I looked away at once, but he had already snatched his eyes back much faster than me. In the fraction of a second our eyes held, he'd seemed unwitting, like he'd heard his name called and looked up automatically.
The girl next to me — whose name I now remembered was Jessica — laughed, looking down at the table like I was.
"Those are Hyunjin Hwang, Changbin Seo, Jisung Han, Seungmin Kim and Jeongin Yang," she listed under her breath. "The one who left was Felix Lee. They all live with Dr. Bang and his husband, Mr. Bak."
I glanced at the beautiful one again. His skin was a rich, warm brown, and smooth-looking except for some darker patches on his cheeks. He had almond shaped eyes, clear despite their deep black colour. His lips were thin, and two slight dimples appeared at the corners...
I forgot to breathe for a second.
"They're really, um, beautiful," I said. The second understatement of the day.
"Don't be jealous, Minho," she replied, giggling. "They are. But they're together... like, together-together. Hyunjin and Jeongin, Felix and Changbin. And they live together." Her voice held some kind of salacious shock, and maybe a little judgement, and I found myself wanting to defend them.
"They don't look related," I said.
"No, they're foster children, because the doctor and his... you know." She widened her eyes and sucked her lips into her mouth. I didn't quite know what to do with that, so I looked over at the table again. From Jessica's tone, it seemed like they were outsiders. I wondered why, and my overactive imagination took me some weird places.
As I examined them, the gorgeous one looked up again. He was curious; his head ticked to the side like the second hand of a clock. I didn't look away this time — I smiled politely, and he returned it. I dropped my eyes when I got embarrassed.
"Who's the one with black hair?" I asked Jessica. I glanced at the other table again from the corner of my eye. He was staring at me, his eyebrows pulled down in what seemed like confusion, maybe, like I posed him a question. "Um, the one in the flannel?"

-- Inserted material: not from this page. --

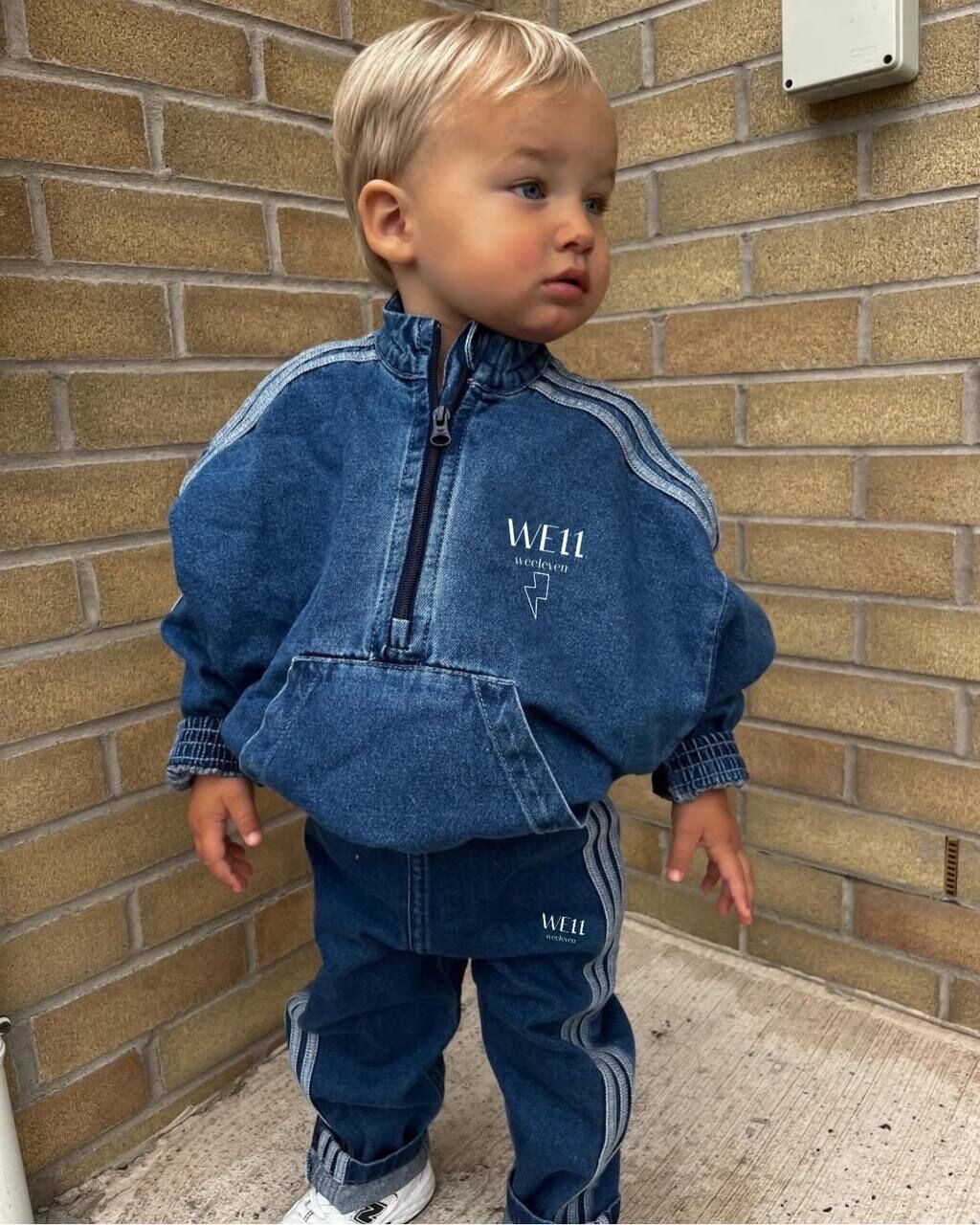 Şerit detaylı kot takım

"That's Jisung," she answered. "He never speaks to anyone — except his brothers. Never dates, either, so too bad for the girls here, I guess."
I peeked at him again, and his eyes weren't on me anymore. He was looking down at his tray, and his lips were tugging up into a smile. It was a more beautiful scene than it had any right to be.
It was a few more minutes of poorly-hidden staring before the five of them got up and walked to the door — all amazingly graceful, even the tall one.
I couldn't help but watch after them.